> _Exercise details_:
Extract precisely the lines of the entries below, from the first line through the line containing "ministerstvo obrany Rusko".

┌─ Material supplied

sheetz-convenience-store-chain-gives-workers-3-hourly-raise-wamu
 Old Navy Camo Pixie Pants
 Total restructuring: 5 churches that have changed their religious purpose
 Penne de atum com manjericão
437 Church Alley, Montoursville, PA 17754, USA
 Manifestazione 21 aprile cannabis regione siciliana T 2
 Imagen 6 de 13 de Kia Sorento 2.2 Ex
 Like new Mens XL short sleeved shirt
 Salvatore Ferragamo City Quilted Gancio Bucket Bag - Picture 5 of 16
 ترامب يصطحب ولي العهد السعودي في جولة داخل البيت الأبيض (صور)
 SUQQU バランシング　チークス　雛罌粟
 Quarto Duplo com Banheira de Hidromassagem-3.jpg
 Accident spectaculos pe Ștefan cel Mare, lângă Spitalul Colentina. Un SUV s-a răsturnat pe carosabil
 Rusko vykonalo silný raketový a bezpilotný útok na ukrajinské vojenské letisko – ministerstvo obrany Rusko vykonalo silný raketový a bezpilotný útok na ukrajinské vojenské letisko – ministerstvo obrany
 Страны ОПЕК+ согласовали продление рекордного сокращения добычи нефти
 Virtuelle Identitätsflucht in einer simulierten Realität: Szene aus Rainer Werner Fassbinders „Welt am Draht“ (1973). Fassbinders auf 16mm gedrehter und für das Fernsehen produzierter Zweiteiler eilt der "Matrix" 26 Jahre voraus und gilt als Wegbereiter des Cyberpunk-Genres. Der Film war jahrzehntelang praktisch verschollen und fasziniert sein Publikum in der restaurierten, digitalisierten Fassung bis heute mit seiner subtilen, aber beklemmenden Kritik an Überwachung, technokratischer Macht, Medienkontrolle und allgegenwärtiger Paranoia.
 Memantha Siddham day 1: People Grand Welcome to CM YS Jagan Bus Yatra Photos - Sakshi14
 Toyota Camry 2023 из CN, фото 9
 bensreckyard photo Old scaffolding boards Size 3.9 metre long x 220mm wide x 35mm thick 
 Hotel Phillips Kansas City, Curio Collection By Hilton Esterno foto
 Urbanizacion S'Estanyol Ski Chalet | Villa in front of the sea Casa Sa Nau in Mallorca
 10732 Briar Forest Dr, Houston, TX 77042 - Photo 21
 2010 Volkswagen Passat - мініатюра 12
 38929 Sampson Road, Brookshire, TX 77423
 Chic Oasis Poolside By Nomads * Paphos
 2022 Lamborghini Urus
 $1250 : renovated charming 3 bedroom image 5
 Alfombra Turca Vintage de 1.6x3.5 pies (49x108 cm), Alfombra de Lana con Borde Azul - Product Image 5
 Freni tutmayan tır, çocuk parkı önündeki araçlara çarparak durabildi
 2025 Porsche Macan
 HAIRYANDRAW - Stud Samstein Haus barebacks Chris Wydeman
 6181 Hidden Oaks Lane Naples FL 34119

└─

> _Exercise solution_:
sheetz-convenience-store-chain-gives-workers-3-hourly-raise-wamu
 Old Navy Camo Pixie Pants
 Total restructuring: 5 churches that have changed their religious purpose
 Penne de atum com manjericão
437 Church Alley, Montoursville, PA 17754, USA
 Manifestazione 21 aprile cannabis regione siciliana T 2
 Imagen 6 de 13 de Kia Sorento 2.2 Ex
 Like new Mens XL short sleeved shirt
 Salvatore Ferragamo City Quilted Gancio Bucket Bag - Picture 5 of 16
 ترامب يصطحب ولي العهد السعودي في جولة داخل البيت الأبيض (صور)
 SUQQU バランシング　チークス　雛罌粟
 Quarto Duplo com Banheira de Hidromassagem-3.jpg
 Accident spectaculos pe Ștefan cel Mare, lângă Spitalul Colentina. Un SUV s-a răsturnat pe carosabil
 Rusko vykonalo silný raketový a bezpilotný útok na ukrajinské vojenské letisko – ministerstvo obrany Rusko vykonalo silný raketový a bezpilotný útok na ukrajinské vojenské letisko – ministerstvo obrany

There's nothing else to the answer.